The main consideration in giving charity then is:
- to help those who will help themselves.
- provide part of how those who desire to improve may do so;
- give to those who want to use the aid by so they may rise; and,
- to assist, but rarely or never do all.
“Neither the individual nor the race is improved by almsgiving. Those worthy of assistance, except in rare cases, seldom require assistance.”
The Problem of Rich and Poor
Carnegie claims the wealthy should know that the best means of benefiting the community is to place ladders within reach of the aspiring so they can rise. The problem of the Rich and Poor goes away when:
- the laws of accumulation remain free;
- the laws of distribution remain free;
- individualism continues;
- and, the millionaire accepts the duty during life as a trustee for the poor;
- and, administers their concentrated wealth for the benefit of the community.
Those who leave behind millions, “will pass away unwept, unhonored, and unsung, no matter to what uses he leaves that which he cannot take with him.”
“The man who dies thus rich dies disgraced.”
“Such, in my opinion, is the true Gospel concerning Wealth, obedience to which is destined some day to solve the problem of the Rich and the Poor, and to bring ‘Peace on earth, among men Good-Will.”
Essential Messages in The Gospel of Wealth:
History does not repeat itself, but it rhymes. The Gilded Age saw the formation of large business conglomerates that dominated their industries. They improved the quality, price and availability of products and services to many. But they created inequality through the concentration of wealth.
Today “Modern Monopolies” like Google, Amazon, and Alibaba create undeniable benefits for consumers but also concentrate wealth.
Carnegie’s rags to riches story gave him a unique perspective on the continuum from the poor to the wealthy. This experience undoubtedly influenced The Gospel of Wealth, where he tries to address the age-old gap between the rich and poor.

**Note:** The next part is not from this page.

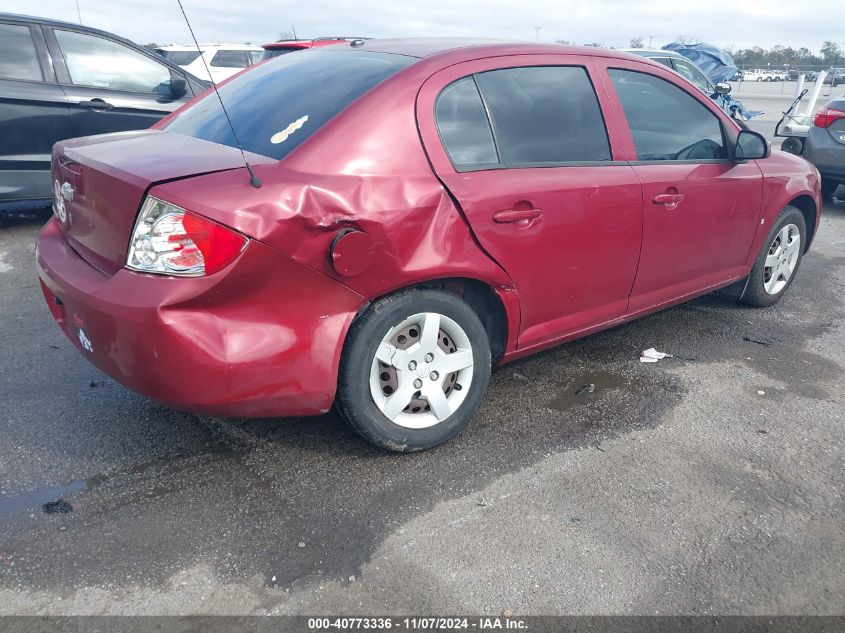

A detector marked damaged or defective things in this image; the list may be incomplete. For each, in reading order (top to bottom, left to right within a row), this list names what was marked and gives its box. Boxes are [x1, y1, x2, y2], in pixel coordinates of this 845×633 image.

damaged red car [36, 39, 820, 450]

Capitalism is not the perfect medicine for society, but it is better than alternatives, like Socialism or Communism, tried and failed. However, one of the “side effects” of Capitalism is the concentration of great wealth in the hands of the few. This is as real today as it was in 1889.
He cautions not abandon an efficient but less than perfect economic system in pursuit of an unproven ideal method. Capitalism has produced a higher standard of living for so many. And, as Winston Churchill cautioned; “perfection is the enemy of progress.”
Carnegie’s The Gospel of Wealth’s True Solution addresses the concentration of excessive wealth. The excess wealth is a temporary trust fund — the wealthy with a duty to produce the most benefits from it for the community.
Carnegie funded 2,500 public libraries around the globe. And, endowed science research, education, world peace, and others. By 1911 he gave away 90% of his $480 million fortune equivalent to $310 billion in current dollars.
And, he’s inspired many today to consider some version of The Gospel of Wealth’s True Solution. “The Giving Pledge” created by Bill and Melinda Gates and Warren Buffett is a commitment by 204 of the world’s wealthiest individuals and families dedicating the majority of their wealth to giving back.
Lessons for Us
In Carnegie’s life during the Gilded Age, like today, people held firm and often adversarial views on the wealth gap and mass migrations to America.
This rags to riches immigrant saw the issues from both sides, and learned valuable lessons that he shared in “The Gospel of Wealth.” He then practiced in life what he preached in that writing.
Winston Churchill probably summed it up best when he said; “We make a living by what we get, but we make a life by what we give.” And, that is perhaps Andrew Carnegie’s legacy and most important lesson for us.
Was Andrew Carnegie a Robber Baron or a philanthropist, an oppressor of the poor or their champion?